> [RECORDS]:
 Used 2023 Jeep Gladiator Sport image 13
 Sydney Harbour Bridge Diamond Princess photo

...

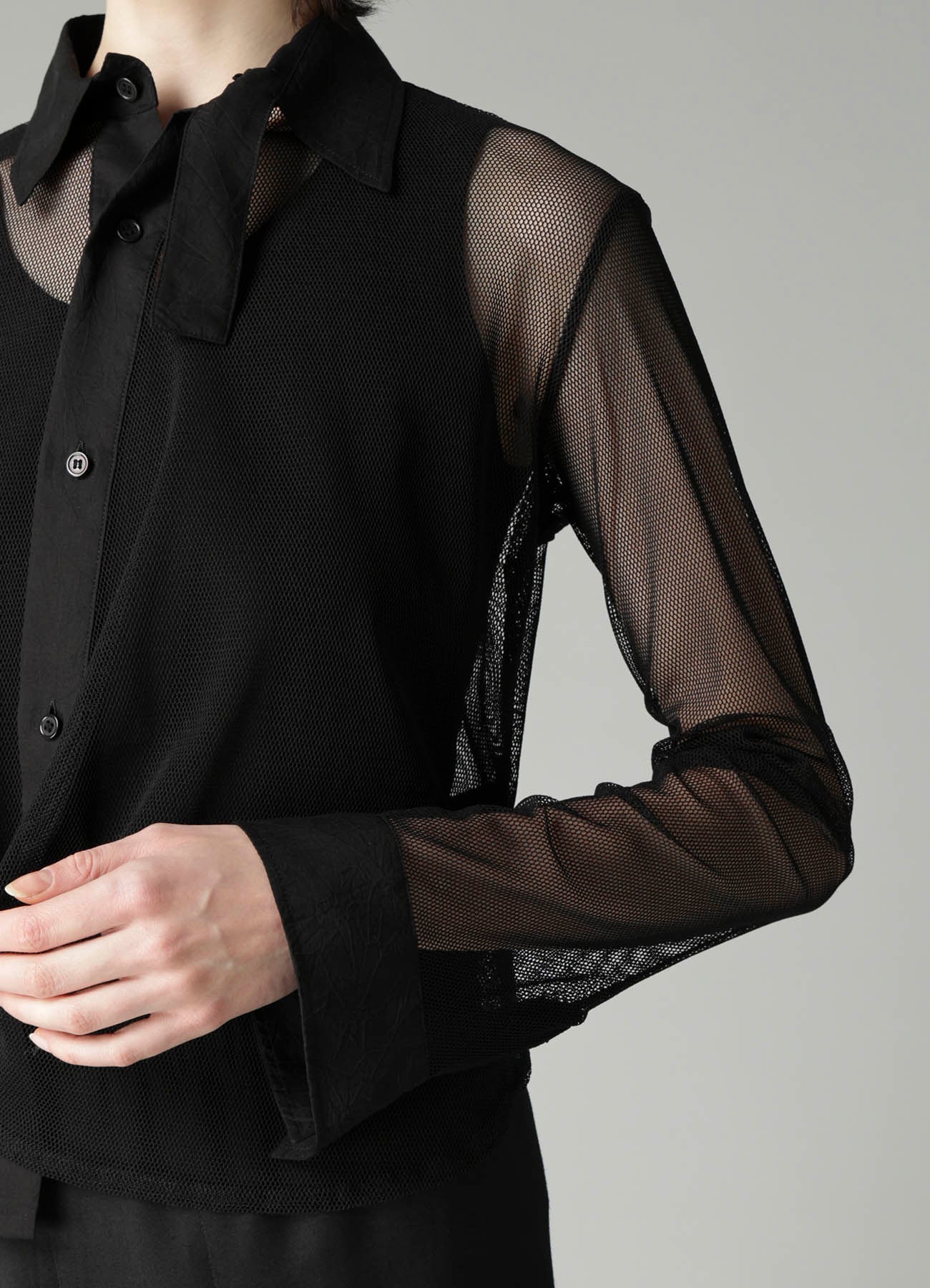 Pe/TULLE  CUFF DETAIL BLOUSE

* * *

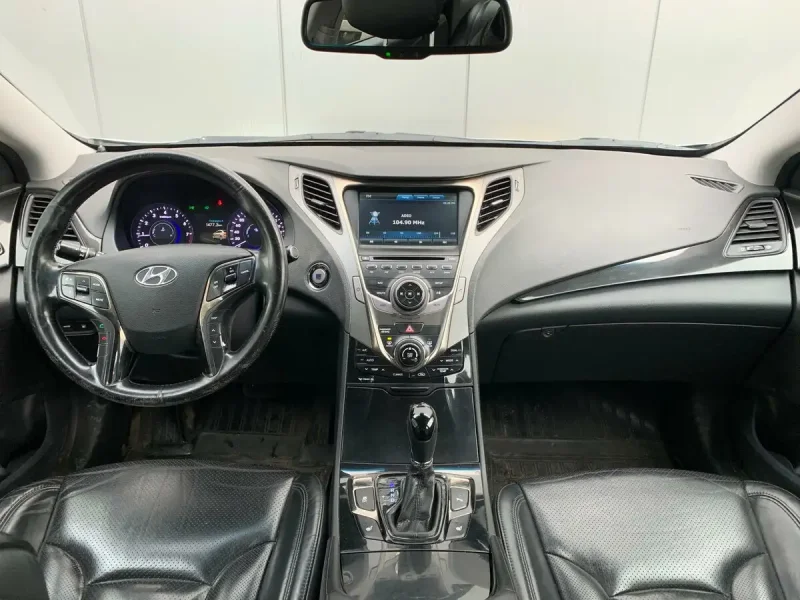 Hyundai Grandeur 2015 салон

> [EXERCISE INSTRUCTIONS]: Could you set down, word for word, only the lines above from the line with "Used 2023 Jeep Gladiator Sport image 13" to the line with "Sydney Harbour Bridge Diamond Princess photo", including both?

> [RESPONSE BELOW]:
 Used 2023 Jeep Gladiator Sport image 13
 Sydney Harbour Bridge Diamond Princess photo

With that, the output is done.